== TASK ITEM ==
Please, without any pictures, transcribe the lines from the one holding "Hi everybody, this" to the end of the listing, both ends included.

== DATASET ENTRIES ==
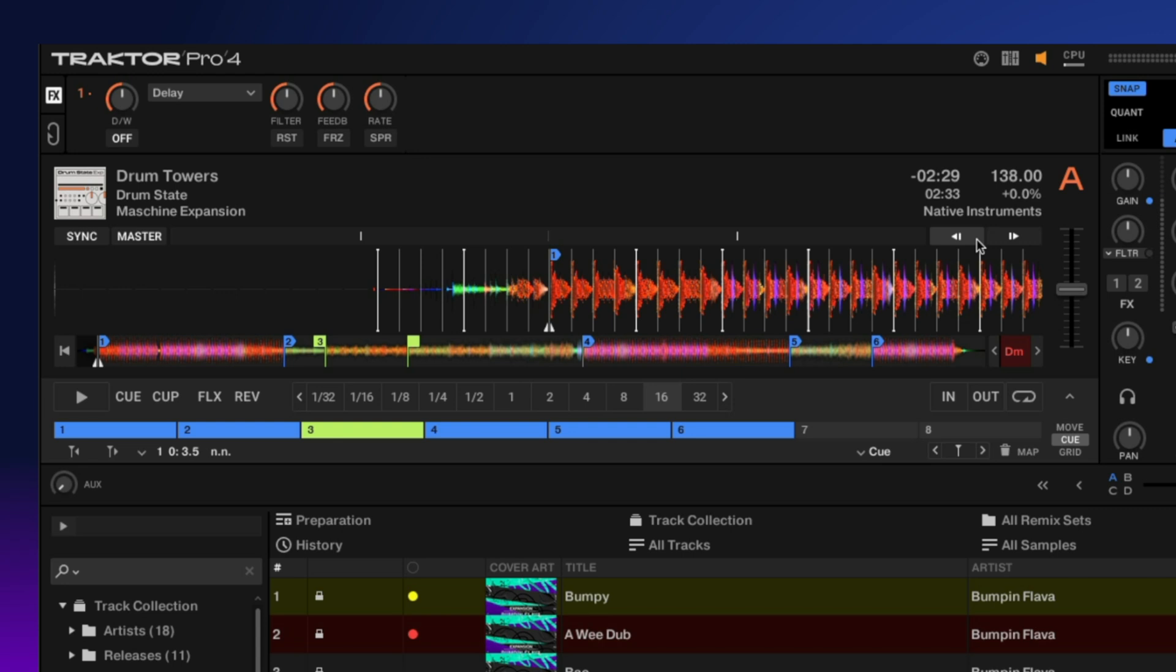We also have these two buttons which allow you to bend the tempo, so if you need to fix some timing you can do that.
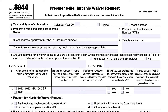The IRS defines covered returns as any tax return for individuals, estates, or trusts. A waiver is not needed for any return that is not accepted electronically by the IRS, or if the IRS has instructed certain taxpayers not to file electronically. If the covered returns you are preparing meet the criteria for an administrative exemption, you should not use Form 8944; instead, use Form 8948.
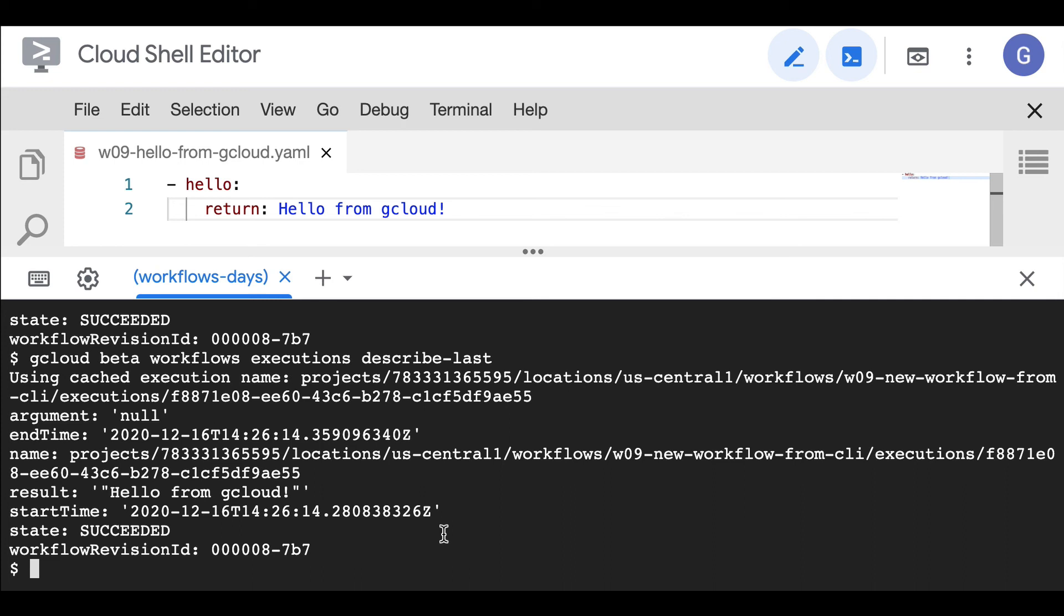And then use executions describe or describe last if you want to see the state of the last execution. That's it for now. Thanks for watching.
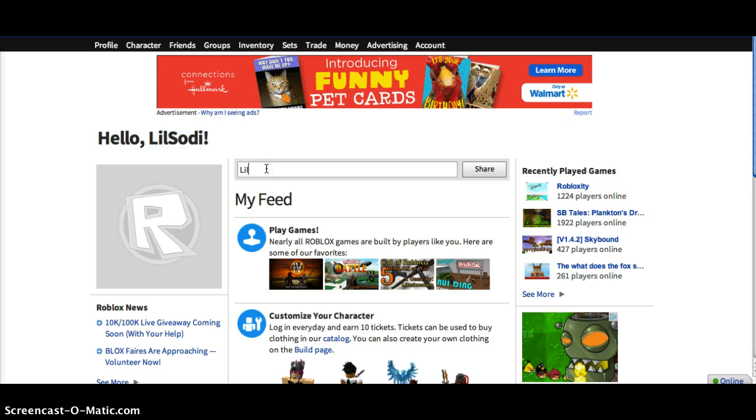It's spelled L-I-L-S-O-D-I. Just send it in a message, and I can get you as much Robux as you want.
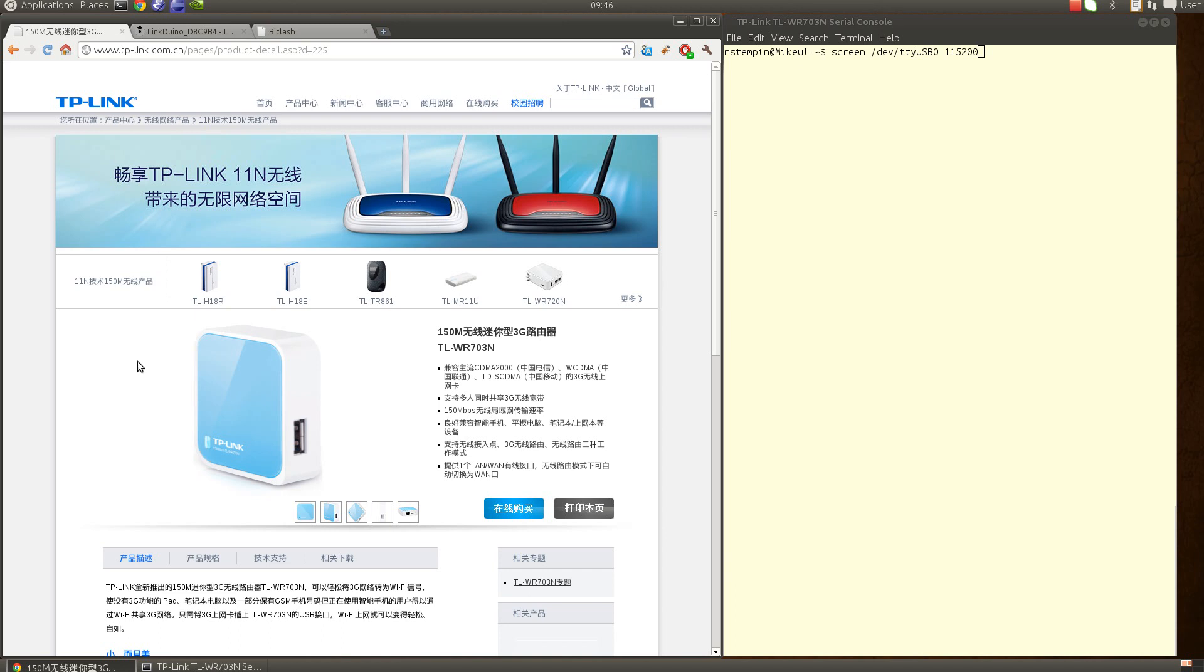Hi everybody, this video is just a quick update on my progress on the Linkduino OpenWT-based firmware for the small TP-Link TL-WR703N wireless router, used along with an Arduino board.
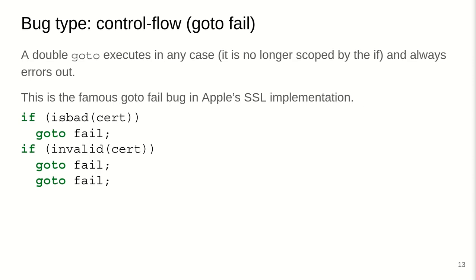Another bug type, control flow. So there can be issues with double go-tos. So here there's an example where we do an if is-bad certificate go to fail to handle error conditions, if-invalid certificate go to fail, or go to fail. Now this go to fail will be executed unconditionally, skipping over a lot of checking code. So this double go to, the second go to in the if-invalid case will execute in any case and thereby always error out and skip over any of the other code that was intended below. And this actually is the very famous go to fail bug in Apple's SSL implementation where they skipped over a large chunk of checking code and thereby accepted a lot of invalid certificates as valid. So this can be extremely dangerous, especially as you are jumping over checking code.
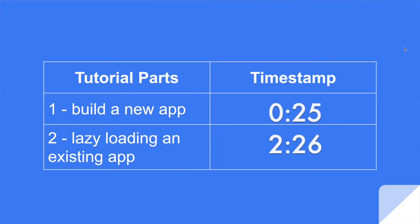Hi, I'm Ryan. I'm going to show you two ways to add lazy loading to your Angular apps. If you want to jump ahead, here are the timestamps.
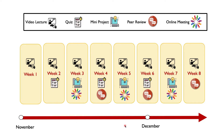The course content is going to be delivered as video lectures being uploaded every week, and you can watch them at your own time. There are a series of activities that are compulsory during the course, namely quizzes, mini projects, and peer reviews.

== RESULT ==
Hi everybody, this video is just a quick update on my progress on the Linkduino OpenWT-based firmware for the small TP-Link TL-WR703N wireless router, used along with an Arduino board.
Another bug type, control flow. So there can be issues with double go-tos. So here there's an example where we do an if is-bad certificate go to fail to handle error conditions, if-invalid certificate go to fail, or go to fail. Now this go to fail will be executed unconditionally, skipping over a lot of checking code. So this double go to, the second go to in the if-invalid case will execute in any case and thereby always error out and skip over any of the other code that was intended below. And this actually is the very famous go to fail bug in Apple's SSL implementation where they skipped over a large chunk of checking code and thereby accepted a lot of invalid certificates as valid. So this can be extremely dangerous, especially as you are jumping over checking code.
Hi, I'm Ryan. I'm going to show you two ways to add lazy loading to your Angular apps. If you want to jump ahead, here are the timestamps.
The course content is going to be delivered as video lectures being uploaded every week, and you can watch them at your own time. There are a series of activities that are compulsory during the course, namely quizzes, mini projects, and peer reviews.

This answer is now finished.